Posted On : 2013-06-30 00:45:14( TIMEZONE : IST )

HDFC Limited - Business as Usual - ANTIQUE

We met with the management of HDFC Limited and below are the key highlights:

Easing wholesale rates should lead to uptick in incrementally spreads

With CP & CD rates having declined by about 50-100bps since March 2013, we believe that HDFC limited is likely to be key beneficiaries of an easing wholesale rate in the system. The company has raised 3 year money at 8.48% (vs. 9.35% in March 2013).Hence Re-pricing of high-cost term deposits coupled with benign wholesale deposit rates will lead to lower cost of funds and expanding margins. Incremental funding for HDFC limited is coming from money market issuances i.e. Bonds, debentures, FRN and CPs which are 50bps cheaper than March 2013. In fact the bank funding has come down by INR 40-50bn since march and is replaced with bonds. Loan yields are holding up because of base rates regimes at banks and hence incrementally spreads for the company are likely to be higher than portfolio spreads during 1Q. Management expects spreads to remain flat within its historical band of 2.15-2.35%.
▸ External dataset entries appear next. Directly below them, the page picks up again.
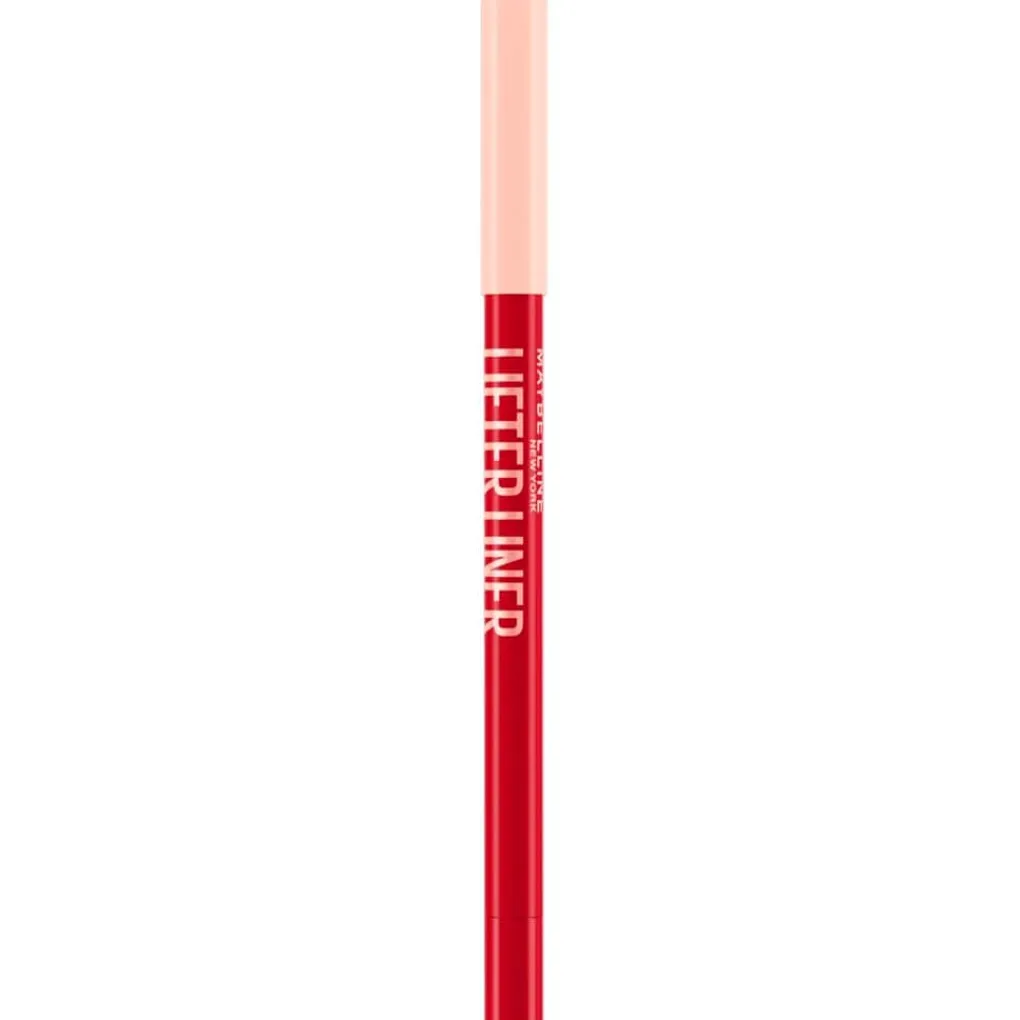 Maybelline Lipmake-Up>New York Lifter Liner 10 Main Character Lippotlood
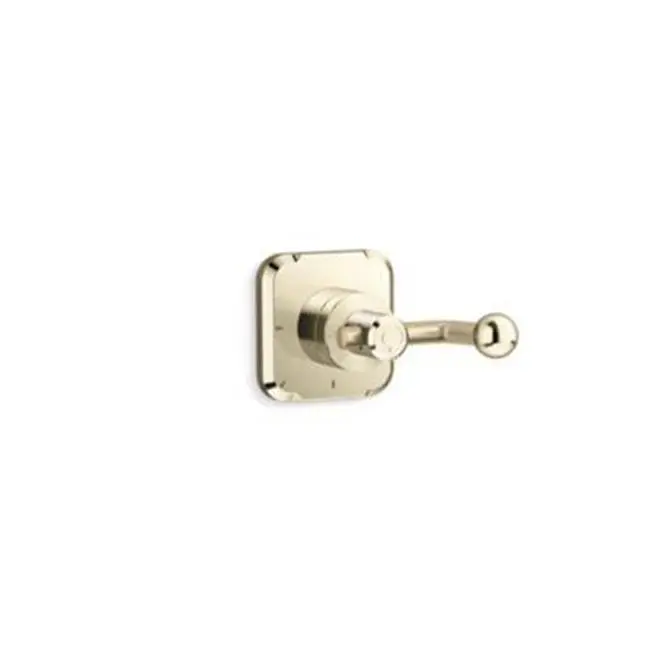 Vice™ Volume Control Crank in French Gold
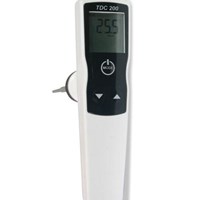 Máy đo nhiệt độ điển tử hiện số EBRO TDC 200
Mortgage buoyancy continues, asset quality stable

Retail growth momentum for the company remained intact at 25%YoY in FY13, thereby contributing around 80% of incremental loan growth. Despite adverse macro environment, management expects loan book to remain healthy at 18-20% levels for FY14e. Management highlighted that despite a lot of investor pessimism, current health of real estate companies is far better than during the credit crisis given that these companies have relatively lower leverage. Further, they are not facing any asset quality issues related to their retail loan portfolio. In fact, GNPA ratios continued to improve YoY for a 33rd consecutive quarter in a row during 4Q FY13.

Lower provisioning and risk weight on developer loans to residential projects

Reserve Bank of India has recently lowered provisioning (from 1% to 0.75%) and risk weights on bank loans (from 100% to 75%) to commercial real estate segment specifically for residential housing projects. NHB which regulates housing finance companies is likely to follow suit and issue similar guidelines for HFC's. Hence based on our calculations, this move will lead to provisioning release of 120bps of FY14E earnings and capital release of 180bps of FY13E Tier 1.

Valuation and outlook

At the CMP of INR 837, HDFC is trading at 4x FY15E P/BV and 19.9x FY15E P/E which continues to remain a tad expensive given the near term challenges. Hence, we maintain a HOLD recommendation on the stock with a TP of INR840/share.